In this chapter we'll discuss how to tune Apache ActiveMQ Artemis for optimum
performance.

## Tuning persistence

- To get the best performance from Apache ActiveMQ Artemis whilst using
  persistent messages it is recommended that the file store is used.  Apache
  ActiveMQ Artemis also supports JDBC persistence, but there is a performance
  cost when persisting to a database vs local disk.

- Put the message journal on its own physical volume. If the disk is shared
  with other processes e.g. transaction co-ordinator, database or other
  journals which are also reading and writing from it, then this may greatly
  reduce performance since the disk head may be skipping all over the place
  between the different files. One of the advantages of an append only journal is
  that disk head movement is minimised - this advantage is destroyed if the disk
  is shared. If you're using paging or large messages make sure they're ideally
  put on separate volumes too.

- Minimum number of journal files. Set `journal-min-files` to a number of files
  that would fit your average sustainable rate.  This number represents the
  lower threshold of the journal file pool.

- To set the upper threshold of the journal file pool. (`journal-min-files` being
  the lower threshold).  Set `journal-pool-files` to a number that represents
  something near your maximum expected load.  The journal will spill over the
  pool should it need to, but will shrink back to the upper threshold, when
  possible.  This allows reuse of files, without taking up more disk space than
  required.  If you see new files being created on the journal data directory too
  often, i.e. lots of data is being persisted, you need to increase the
  journal-pool-size, this way the journal would reuse more files instead of
  creating new data files, increasing performance

- Journal file size. The journal file size should be aligned to the capacity of
  a cylinder on the disk. The default value 10MiB should be enough on most
  systems.

- Use `ASYNCIO` journal.

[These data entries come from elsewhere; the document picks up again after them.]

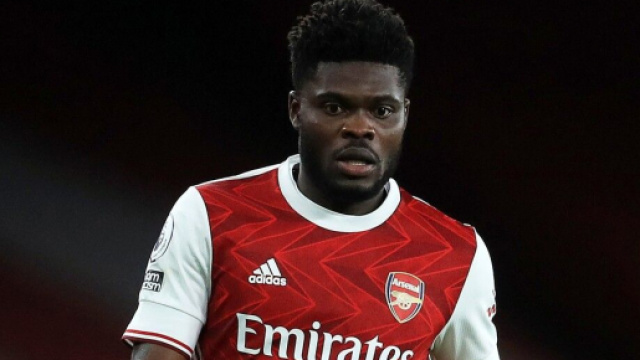 Thomas Partey rencontre son sosie lors d'un rassemblement avec sa sélection. Source : Capture Twitter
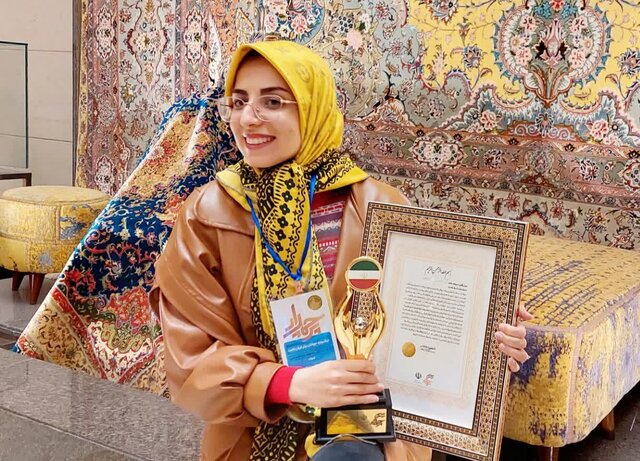 جوان قزوینی به عنوان جوان برتر رشته ادبیات کشور معرفی شد جوان قزوینی به عنوان جوان برتر رشته ادبیات کشور معرفی شد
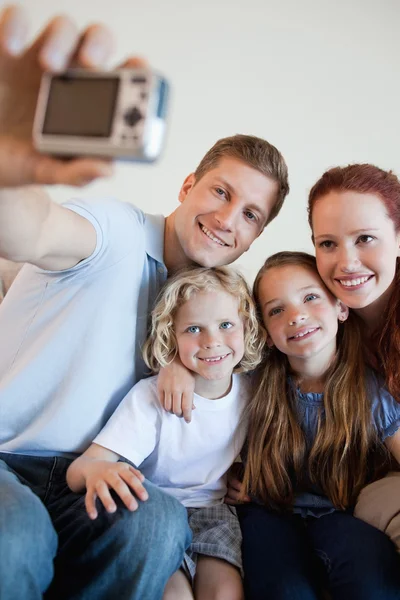 Vater macht Familienfoto mit Digitalkamera — Stockfoto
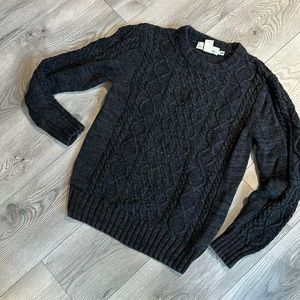 H&M Cable Knit Sweater. Size S
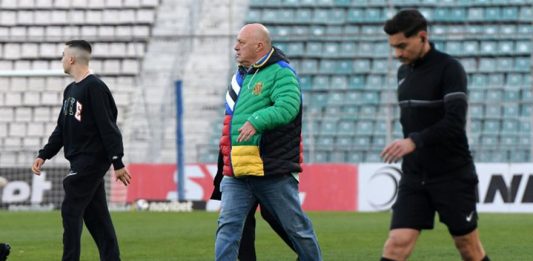 Μπέος για Καρυπίδη: «Τι να περιμένεις από…άντρα που ξυρίζει τα πόδια του και κάνει αποτρίχωση με λέιζερ»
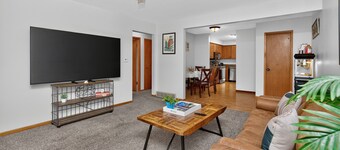 Ankeny 3BR Stay with Office, King Bed, Sleeps 9
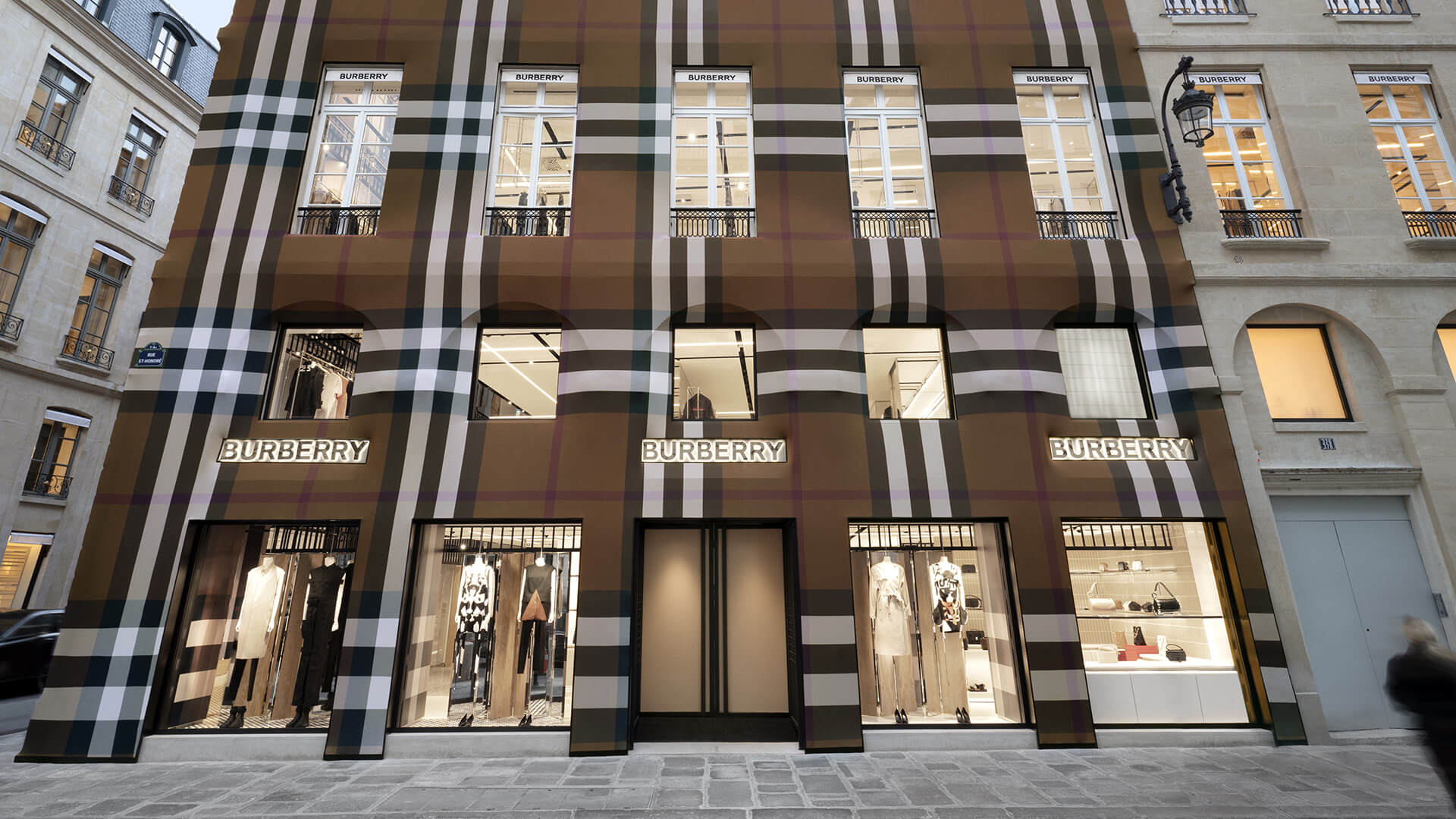 Burberry Group: lựa chọn phù hợp cho người đầu tư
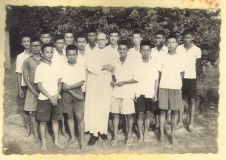 021seminary_old_pics1.jpg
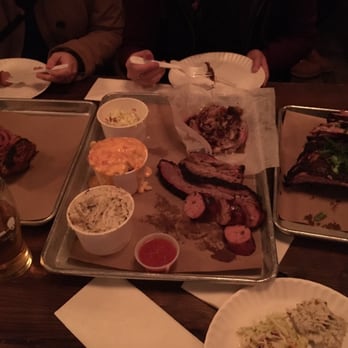 Hometown Bar-B-Que - Noms - Barbeque Near Me - Brooklyn, New York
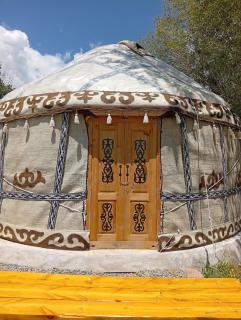 Guest yurt number 5 Guest yurt number 5 - 6
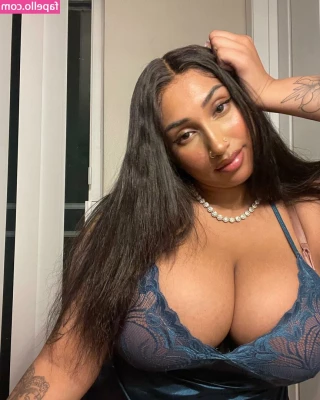 Jeanette Prakash [ jeanette-prakash ] - Do you want to play with me  DM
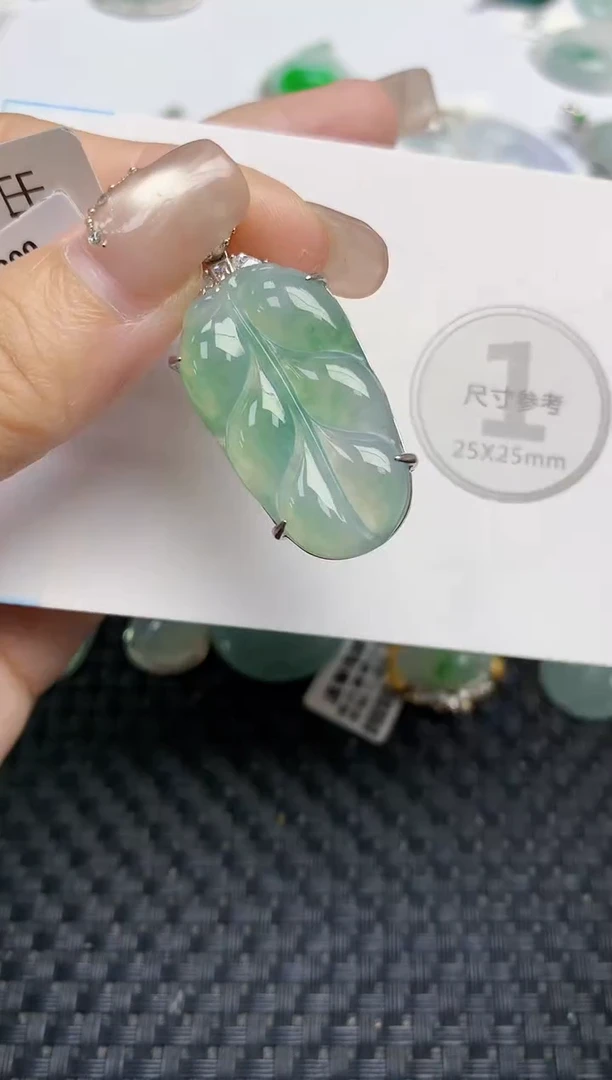颈饰未镶嵌翡翠天然缅甸A货翡翠百元以上9元证书费自理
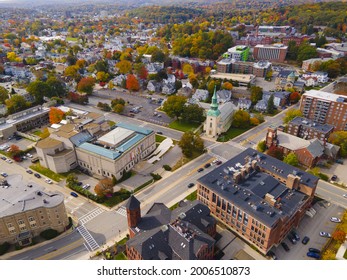 WORCESTER, MA, USA - OCT. 19, 2020: Aerial View Of Worcester Art Museum At 55 Salisbury Street And Downtown Worcester Skyline At The Background In Fall In Massachusetts MA, USA. 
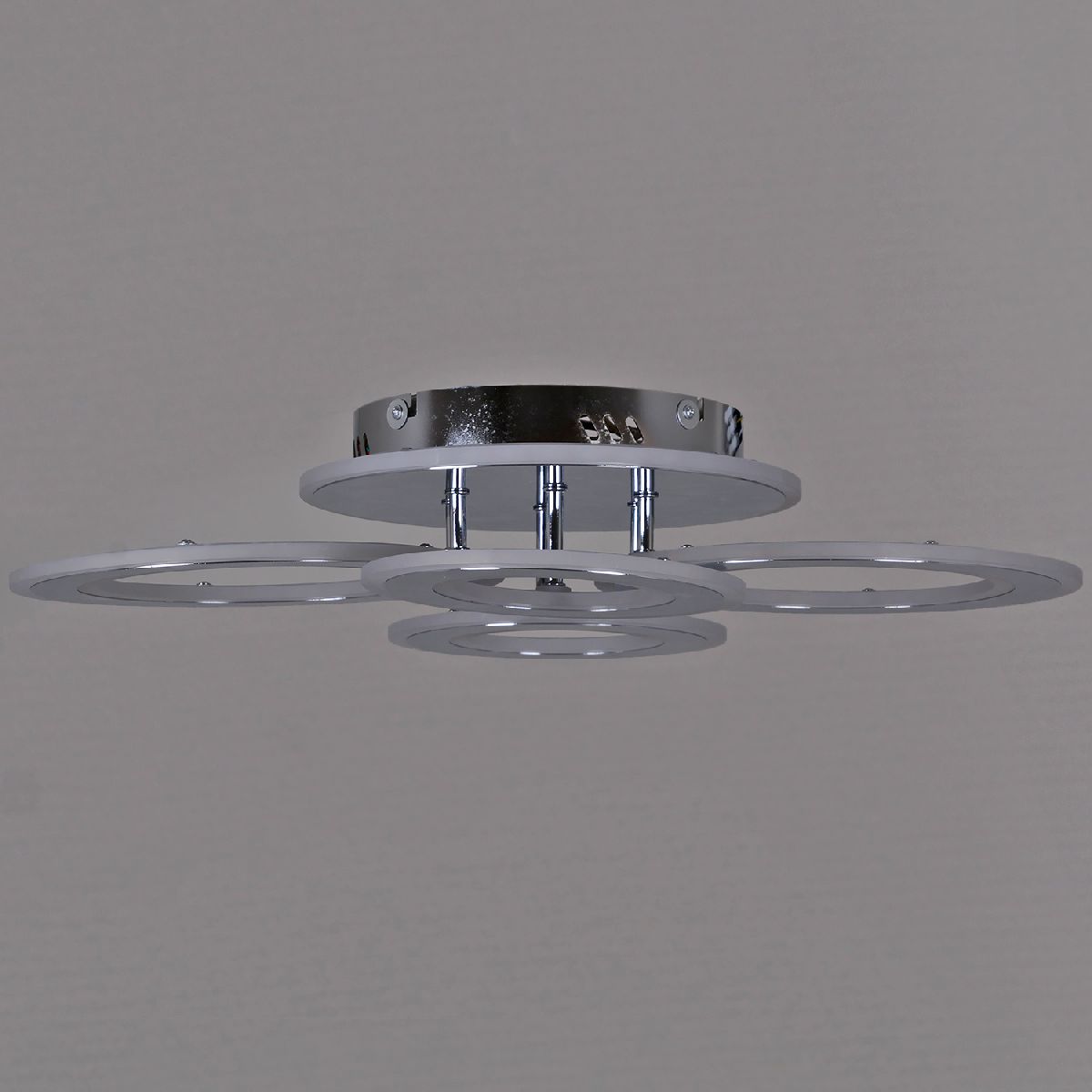 Потолочная люстра Reluce 20535-0.3-2+2+1 CR в Санкт-Петербурге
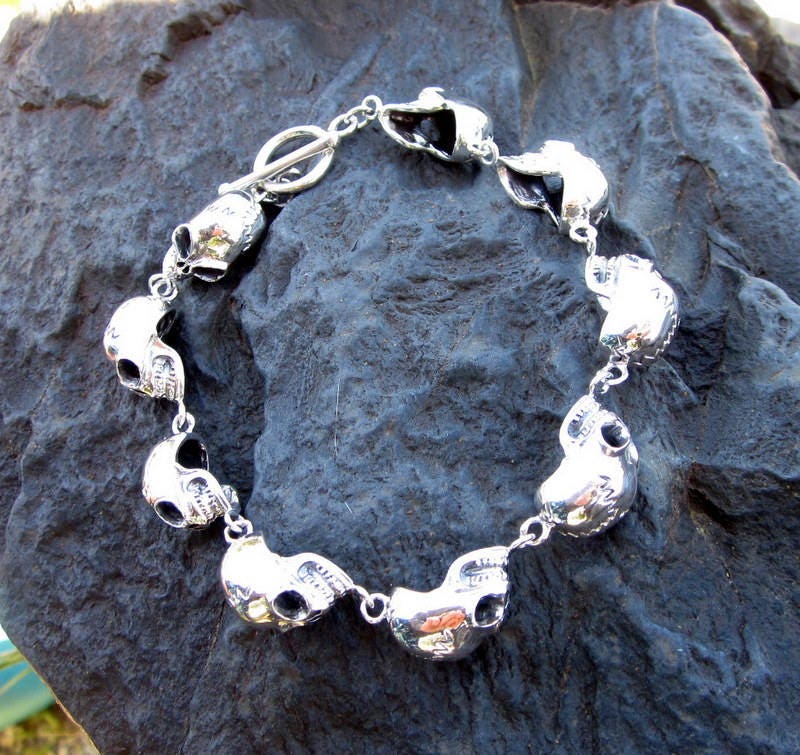 sterling Silber Alien Totenkopf Armband - #577 sterling Silber Alien Totenkopf Armband - #577 von DesignsByLoneWolf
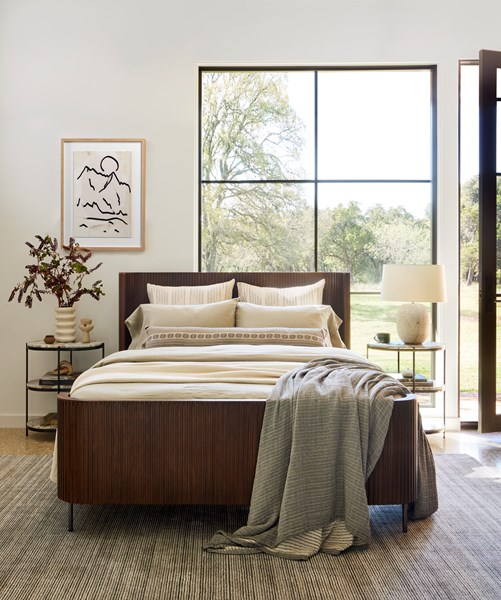 BIMMALOFT-FLETCHER BED-QUEEN (3)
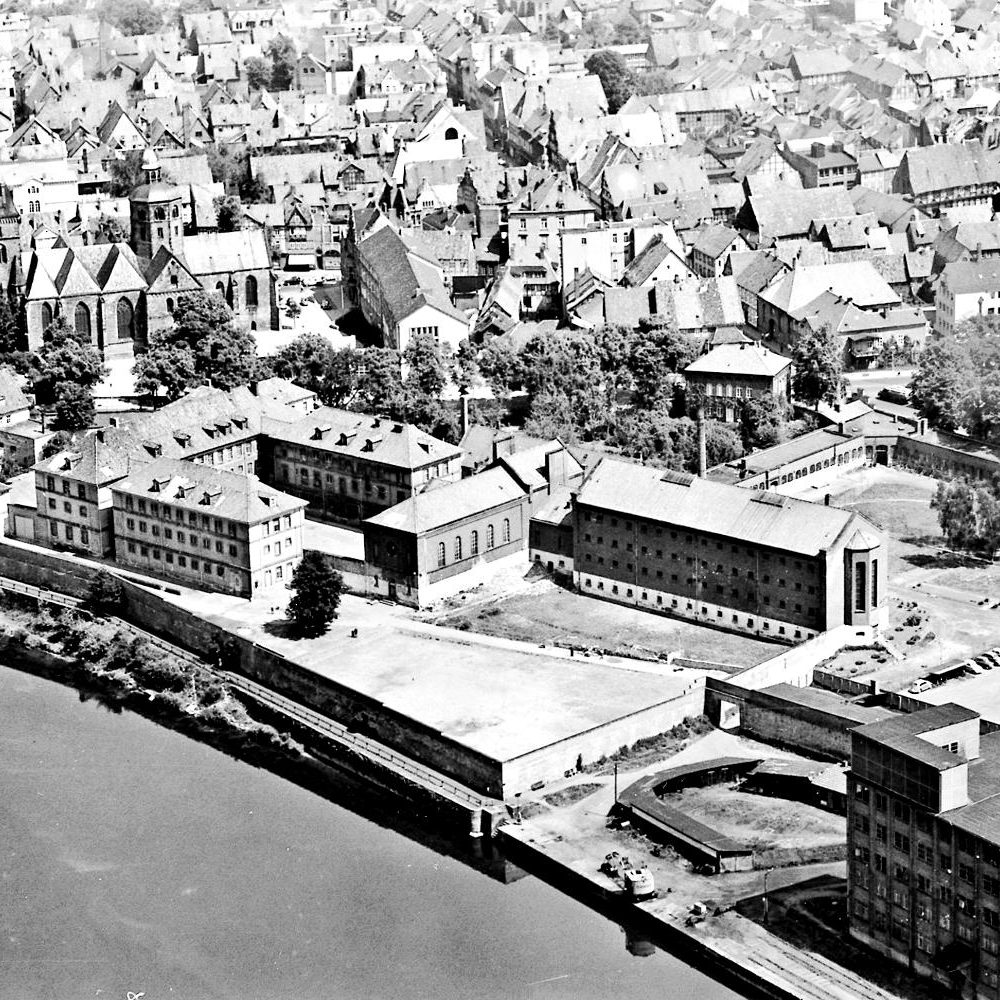 Das Zuchthaus Hameln in den frühen 1960er Jahren. Unmittelbar nach dem Machtantritt der Nationalsozialisten wurden in das Gefängnis politische Häftlinge, vor allem Sozialdemokraten und Kommunisten, eingeliefert. Stadtarchiv Hameln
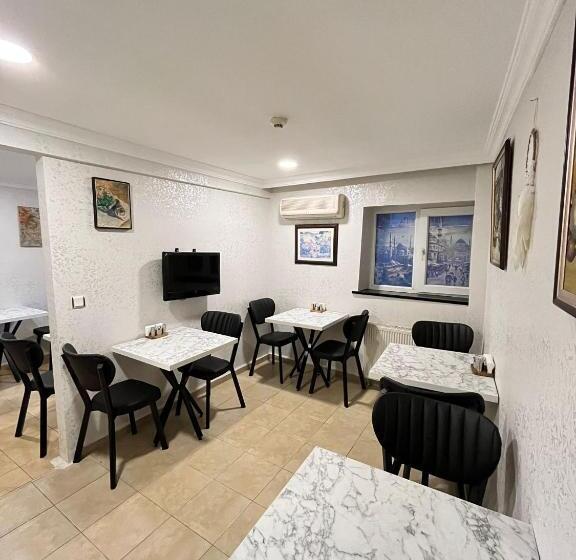 غرفة قياسية سرير كينج, Timex Suites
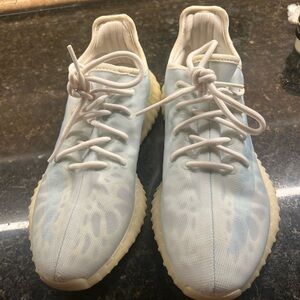 Yeezy Boost 350 size 7.5 Mens mono ice ladies 8.5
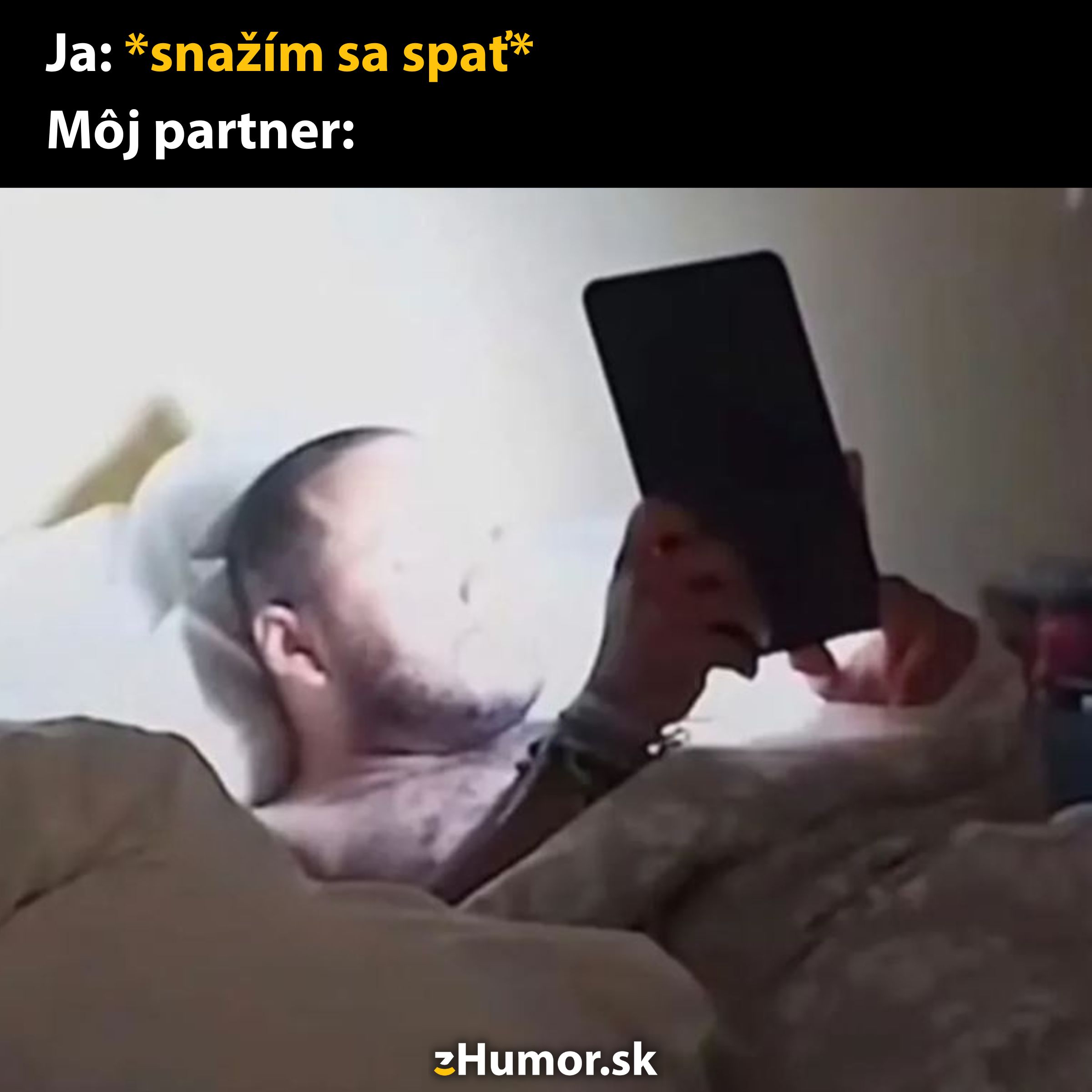 Svetlo z tabletu v posteli vtipne ruší partnera, ktorý sa snaží zaspať.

If using Linux, try to keep your journal type as
  `ASYNCIO`. `ASYNCIO` will scale better than Java NIO.

- Tune `journal-buffer-timeout`. The timeout can be increased to increase
  throughput at the expense of latency.

- If you're running `ASYNCIO` you might be able to get some better performance by
  increasing `journal-max-io`. DO NOT change this parameter if you are running
  NIO.
  
- If you are 100% sure you don't need power failure durability guarantees,
  disable `journal-data-sync` and use `NIO` or `MAPPED` journal: you'll benefit
  a huge performance boost on writes with process failure durability guarantees.  

## Tuning JMS

There are a few areas where some tweaks can be done if you are using the JMS
API

- Disable message id. Use the `setDisableMessageID()` method on the
  `MessageProducer` class to disable message ids if you don't need them. This
  decreases the size of the message and also avoids the overhead of creating a
  unique ID.

- Disable message timestamp. Use the `setDisableMessageTimeStamp()` method on
  the `MessageProducer` class to disable message timestamps if you don't need
  them.

- Avoid `ObjectMessage`. `ObjectMessage` is convenient but it comes at a cost.
  The body of a `ObjectMessage` uses Java serialization to serialize it to
  bytes. The Java serialized form of even small objects is very verbose so takes
  up a lot of space on the wire, also Java serialization is slow compared to
  custom marshalling techniques. Only use `ObjectMessage` if you really can't use
  one of the other message types, i.e. if you really don't know the type of the
  payload until run-time.

- Avoid `AUTO_ACKNOWLEDGE`. `AUTO_ACKNOWLEDGE` mode requires an acknowledgement
  to be sent from the server for each message received on the client, this
  means more traffic on the network. If you can, use `DUPS_OK_ACKNOWLEDGE` or use
  `CLIENT_ACKNOWLEDGE` or a transacted session and batch up many acknowledgements
  with one acknowledge/commit.

- Avoid durable messages. By default JMS messages are durable. If you don't
  really need durable messages then set them to be non-durable.  Durable
  messages incur a lot more overhead in persisting them to storage.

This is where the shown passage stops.